***** PROVIDED MATERIAL
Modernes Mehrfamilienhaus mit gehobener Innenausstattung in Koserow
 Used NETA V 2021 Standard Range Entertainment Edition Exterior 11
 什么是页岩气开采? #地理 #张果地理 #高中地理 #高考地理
**********
THE TASK -
Only the lines from the one with "Used NETA V" through the end of the data should be printed, each exactly as it appears.

EXERCISE RESPONSE -
 Used NETA V 2021 Standard Range Entertainment Edition Exterior 11
 什么是页岩气开采? #地理 #张果地理 #高中地理 #高考地理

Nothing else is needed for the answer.